[Image-caption web data]
*** Block opens ***

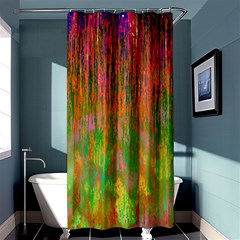 Abstract Trippy Bright Melting Shower Curtain 36  X 72  (stall)  by Simbadda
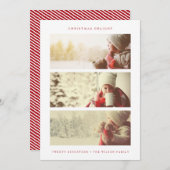 休日のフォトカード |モダン赤ミニマルクリスマス シーズンカード (正面/裏面)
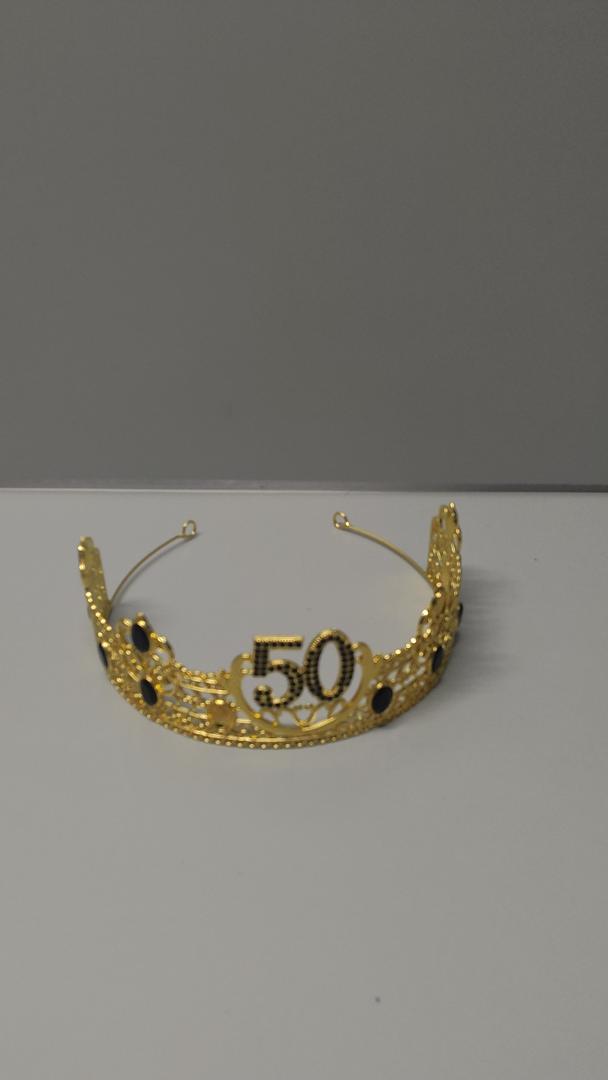 Landical 50th Birthday King Crown and Funny Sash Golden Crown I Am 49 Plus Sash 50th Birthday Party Supplies Favor Party Prom Decoration for Men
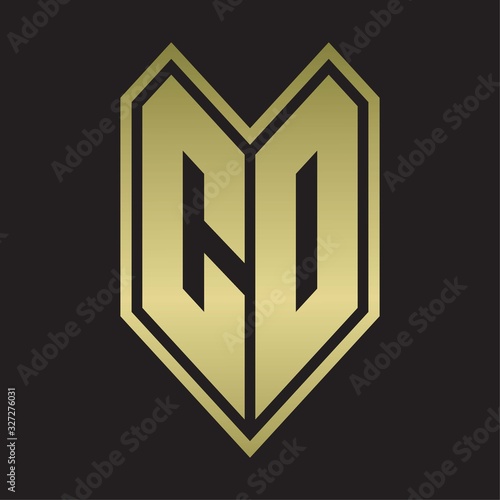 CD Logo monogram with emblem line style isolated on gold colors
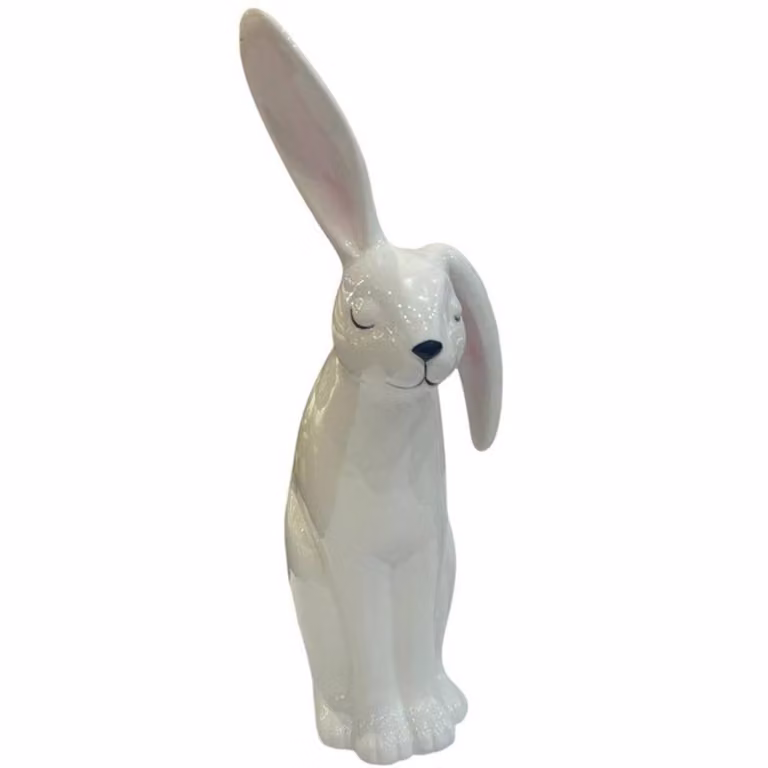 Minster White Decorative Porcelain Bunny for Easter and Spring, L10 x W16 x H29 cm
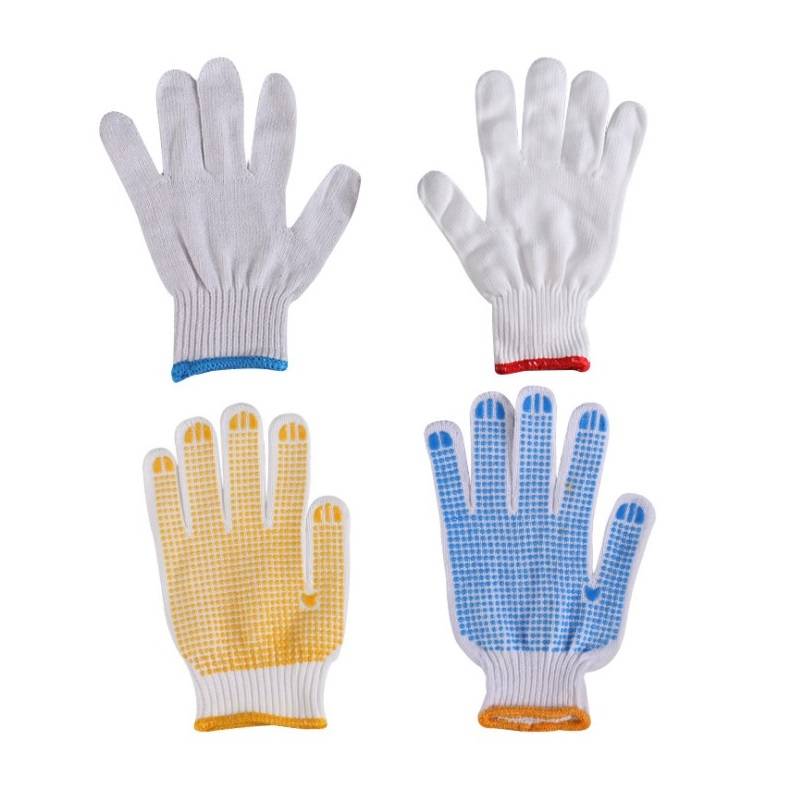 Factory Wholesale Cheap Labor Insurance Machinist Garden Car Repair Glue Gloves Thick Knitted Nylon White Working Gloves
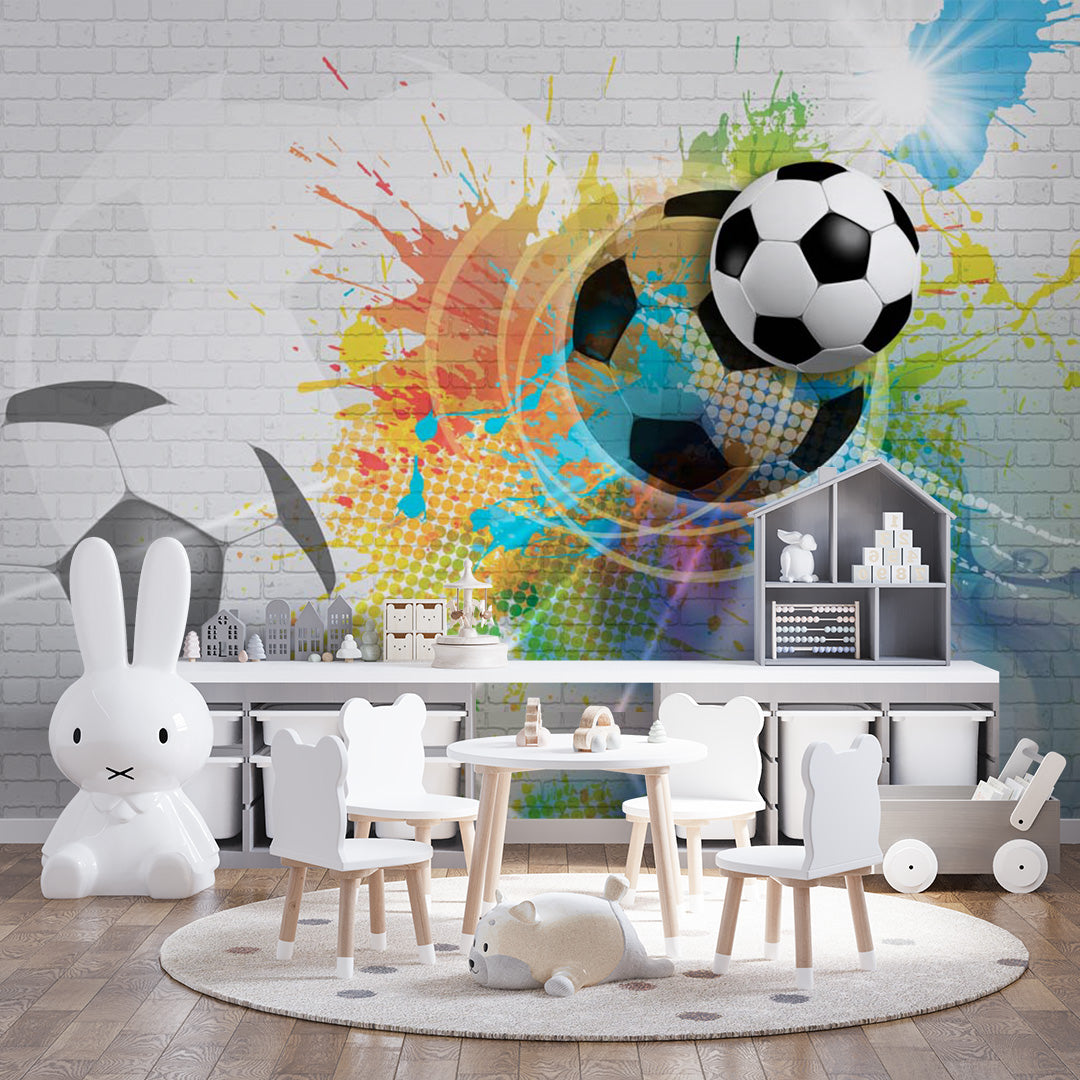 Kids Wall Mural Football Game Soccer Player Colourful Wallpaper for Kids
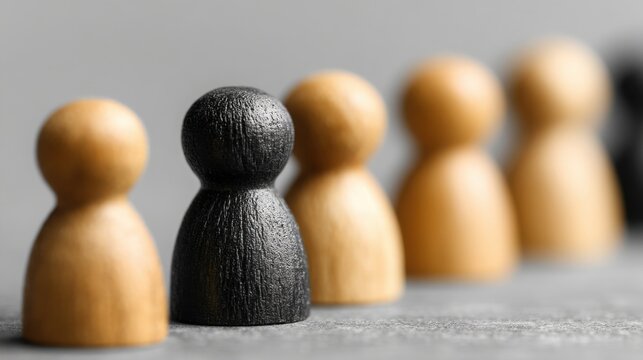 Diverse group of wooden figures representing various purposes in the concept of meaningful categorization and organization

*** Block closes ***

▸ PROBLEM TO SOLVE:
Return the records above verbatim, leaving out images.

▸ EXERCISE RESULT:
 Abstract Trippy Bright Melting Shower Curtain 36  X 72  (stall)  by Simbadda
 休日のフォトカード |モダン赤ミニマルクリスマス シーズンカード (正面/裏面)
 Landical 50th Birthday King Crown and Funny Sash Golden Crown I Am 49 Plus Sash 50th Birthday Party Supplies Favor Party Prom Decoration for Men
 CD Logo monogram with emblem line style isolated on gold colors
 Minster White Decorative Porcelain Bunny for Easter and Spring, L10 x W16 x H29 cm
 Factory Wholesale Cheap Labor Insurance Machinist Garden Car Repair Glue Gloves Thick Knitted Nylon White Working Gloves
 Kids Wall Mural Football Game Soccer Player Colourful Wallpaper for Kids
 Diverse group of wooden figures representing various purposes in the concept of meaningful categorization and organization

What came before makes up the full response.